# Linear Regression using OLS (Ordinary Least Squares)

## Summary

* **Ordinary Least Squares (OLS)** estimates linear regression parameters by minimizing the **sum of squared errors** between actual and predicted values.
* Unlike **Gradient Descent**, OLS provides a **closed-form solution**, meaning coefficients are computed directly without iteration.
* The method defines a **squared error cost function** and computes **partial derivatives** with respect to the intercept ($\beta_0$) and slope ($\beta_1$).
* Setting these derivatives equal to **zero** yields the **global minimum**, producing optimal coefficient values.

## Exam Notes

### OLS vs Gradient Descent

**Question**: What is the primary difference between Gradient Descent and OLS?

**Answer**:  
**Gradient Descent** is an **iterative optimization algorithm** that updates parameters step-by-step.  
**OLS** is an **analytical method** that directly computes the optimal coefficients ($\beta_0$, $\beta_1$) by solving equations obtained from setting derivatives to zero.

### Deriving the Coefficients

**Question**: How are $\beta_0$ and $\beta_1$ derived in OLS?

**Answer**:  
They are derived by minimizing the **Sum of Squared Errors (SSE)**. This is done by:
1. Taking partial derivatives of SSE with respect to $\beta_0$ and $\beta_1$
2. Setting the derivatives equal to zero
3. Solving the resulting system of equations

---

## Derivation of Coefficients

### 1. The Cost Function

OLS minimizes the **Sum of Squared Errors (SSE)**:

$$
S(\beta_0, \beta_1) = \sum_{i=1}^{n} (y_i - \beta_0 - \beta_1 x_i)^2
$$

---

### 2. Derivation of $\beta_0$ (Intercept)

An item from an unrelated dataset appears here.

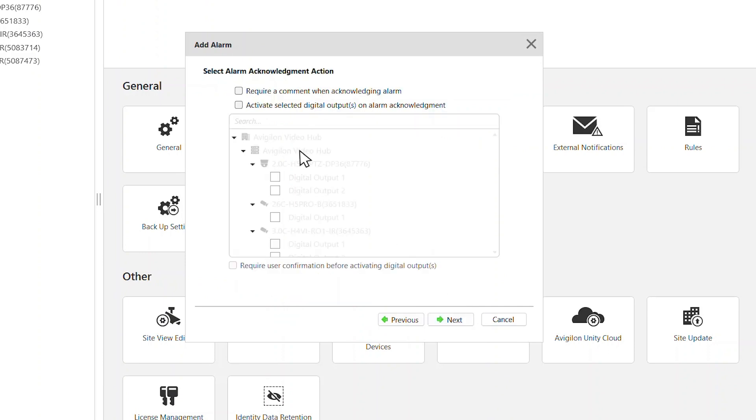Select which action should be taken when acknowledging the alarm. Click Next.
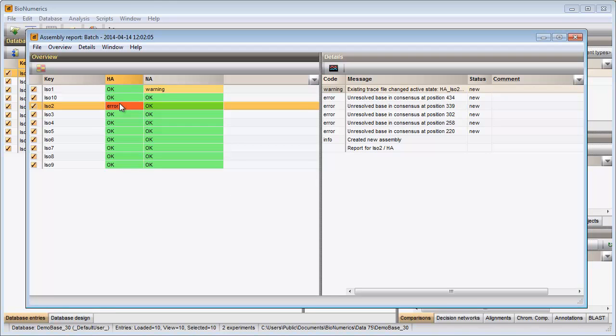When I click on the cell, the details are updated in the details panel on the right-hand side. When I double-click on a message, the assembly window opens.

**Step 1: Partial Derivative**

$$
\frac{\partial S}{\partial \beta_0}
= -2 \sum (y_i - \beta_0 - \beta_1 x_i)
$$

Set derivative to zero:

$$
\sum (y_i - \beta_0 - \beta_1 x_i) = 0
$$

**Step 2: Simplify**

$$
\sum y_i - n\beta_0 - \beta_1 \sum x_i = 0
$$

**Step 3: Solve for $\beta_0$**

$$
\beta_0 = \bar{y} - \beta_1 \bar{x}
$$

---

### 3. Derivation of $\beta_1$ (Slope)

**Step 1: Partial Derivative**

$$
\frac{\partial S}{\partial \beta_1}
= -2 \sum (y_i - \beta_0 - \beta_1 x_i)x_i
$$

Set derivative to zero:

$$
\sum x_i(y_i - \beta_0 - \beta_1 x_i) = 0
$$

**Step 2: Expand**

$$
\sum x_i y_i - \beta_0 \sum x_i - \beta_1 \sum x_i^2 = 0
$$

**Step 3: Substitute $\beta_0$**

Substitute  $\beta_0 = \bar{y} - \beta_1 \bar{x}$  into the normal equation:

$$
\sum_{i=1}^{n} \left(
x_i y_i - (\bar{y} - \beta_1 \bar{x})x_i - \beta_1 x_i^2
\right) = 0
$$

---

**Step 4: Expand and Group Terms**

First, expand the expression:

$$
\sum_{i=1}^{n} \left(
x_i y_i - x_i \bar{y} + \beta_1 \bar{x} x_i - \beta_1 x_i^2
\right) = 0
$$

Now, group the terms and take $x_i$ as a common factor:


$$
\sum_{i=1}^{n} x_i(y_i - \bar{y})
+
\sum_{i=1}^{n} x_i(\beta_1 \bar{x} - \beta_1 x_i)
= 0
$$

---

**Step 5: Factor Out $\beta_1$**

$$
\sum_{i=1}^{n} (y_i - \bar{y})
-
\beta_1 \sum_{i=1}^{n} (x_i - \bar{x})
= 0
$$

Rearranging to isolate $\beta_1$:

$$
\beta_1 \sum_{i=1}^{n} (x_i - \bar{x})
=
\sum_{i=1}^{n} (y_i - \bar{y})
$$

---


---

## Final Result

$$
\boxed{
\begin{aligned}
\beta_1 &= \frac{\sum (y_i - \bar{y})}{\sum (x_i - \bar{x})} \\
\beta_0 &= \bar{y} - \beta_1 \bar{x}
\end{aligned}
}
$$